So it seems you want to output to STDOUT but also have the contents later. We can use IO::MultiWriter for that: write to STDOUT and to a separate IO::Memory which we can consume later:

output = IO::Memory.new
multi_output = IO::MultiWriter.new(STDOUT, output)

Process.run("ls", output: multi_output)

puts
puts "Above was output from the process, but here it goes again!"
puts output.to_s

Play link

(Process.run returns the status so you have that too)

But maybe you want to send it to STDOUT and to something that you can receive input from. That’s what IO.pipe is for.

read, write = IO.pipe
multi_output = IO::MultiWriter.new(STDOUT, write)

spawn do
  while line = read.gets
    puts "Got line!: #{line}"
  end
end

Process.run("ls", ["-la"], output: multi_output)

Play link

In the above snippet we probably don’t need multi output because we can already output from the read end of the pipe.

But I guess it all depends on what exactly you want to accomplish. We can try to find a way to do it and see if the existing API can solve it in a nice way.

What I know is that we are probably missing some examples in Process, or in general there’s a missing tutorial for it.

IO

Does the current IO implementation - or child implementations, like File - provide a way to ‘stream’ (lazy-load) at a high level?
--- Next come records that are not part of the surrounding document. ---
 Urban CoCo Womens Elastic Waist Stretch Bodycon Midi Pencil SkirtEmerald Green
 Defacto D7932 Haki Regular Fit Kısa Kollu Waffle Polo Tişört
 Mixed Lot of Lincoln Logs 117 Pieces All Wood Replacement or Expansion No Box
What do you mean by streaming?

Methods like .each_line would be a great candidate, or perhaps another abstraction that provides a Stream object which acts like a generator instead of loading in the entire contents into memory.

What is a generator? The concept of generator exists in multiple languages with different meanings.
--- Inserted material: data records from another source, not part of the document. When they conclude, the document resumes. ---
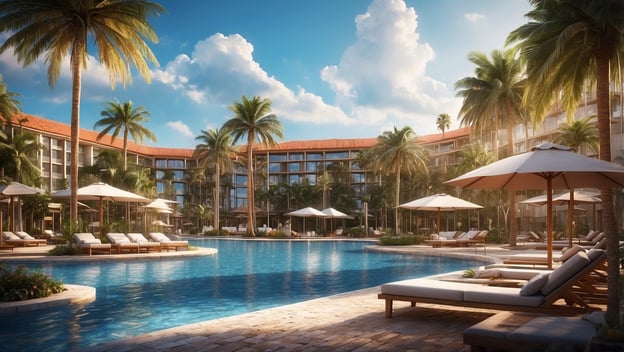 Luxuriöses Hotel mit Pool, Palmen und Sonnenliegen in einer traumhaften Landschaft Floridas unter blauem Himmel.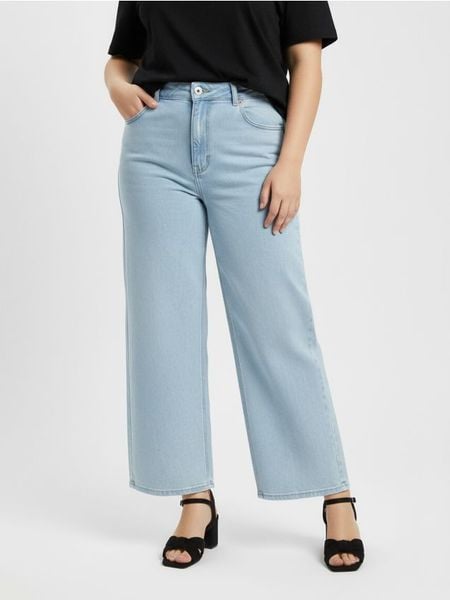 Jeansy wide leg z efektem sprania Plus size - niebieski. Niebieskie jeansy Sinsay, l, bez wzorów. Za 79.99 zł.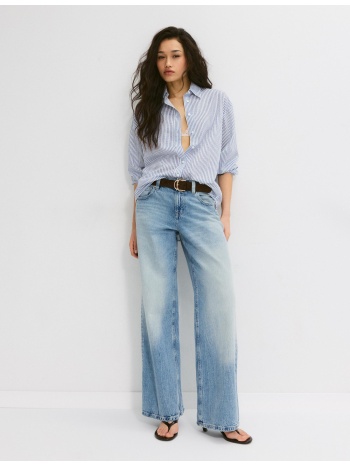 stradivarius πουκάμισο όψη λινού σκούρο μπλε s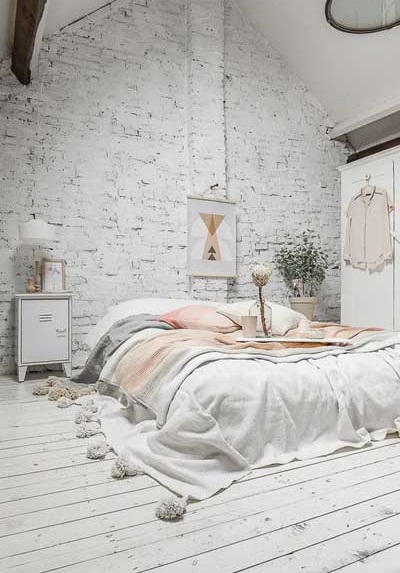 white brick wall bedroom "width =" 400 "height =" 573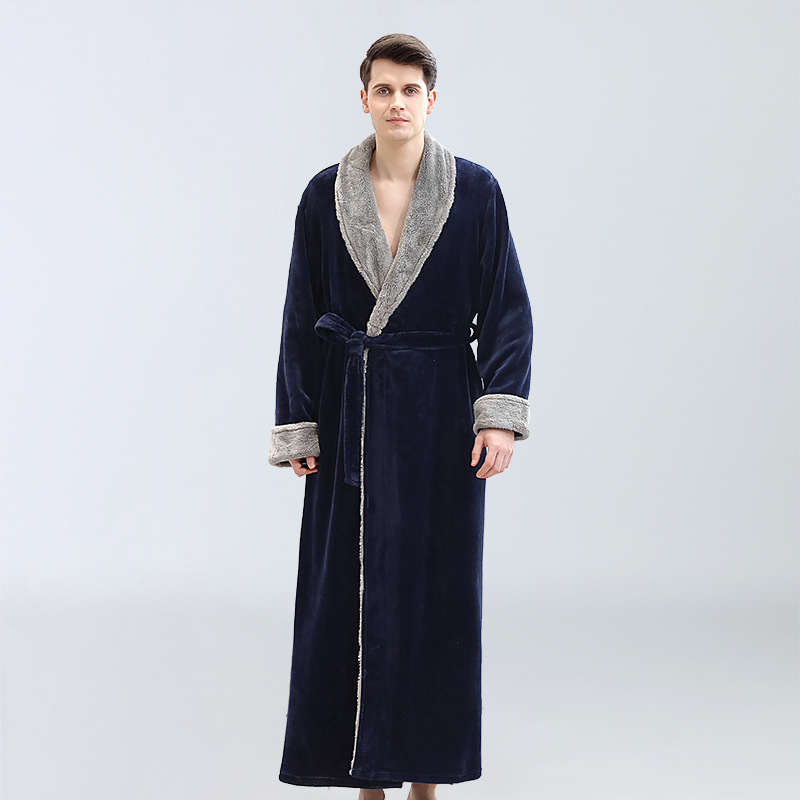 180 Herfst Winter Nachthemd Mannen Toevallige Coral Fleece Nachtkleding Warm Paar Homewear Flanel Riem Pyjama Kimono Badjas Gown: navy / Xl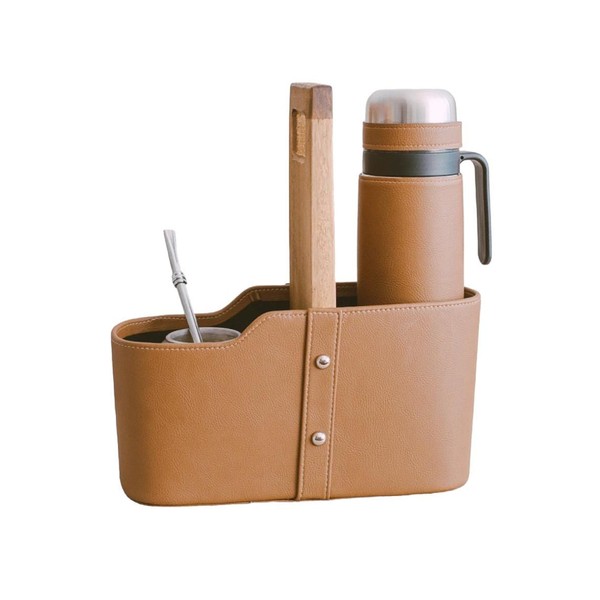 Terrano Mate Basket In Eco-leather & Wood Classic Matero Bag "Matera" For Car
Maybe showing what code you have in mind would help me understand this.

Path

Path is a very recent addition to the standard library. That’s why it’s not available in many methods yet.

1 Like

Process definitely needs better documentation. I know I’ve been looking at the code, to get to understand what each method does and how to use it. A few examples would already work great :+1:

Path was only added in 0.28.0 and still needs to be integrated with other APIs. PR’s are welcome =)

After a bit more poking about, I looked into IO a bit more and find the likes of IO.each_line and the Iterator construct which I had thus-far been missing. :+1: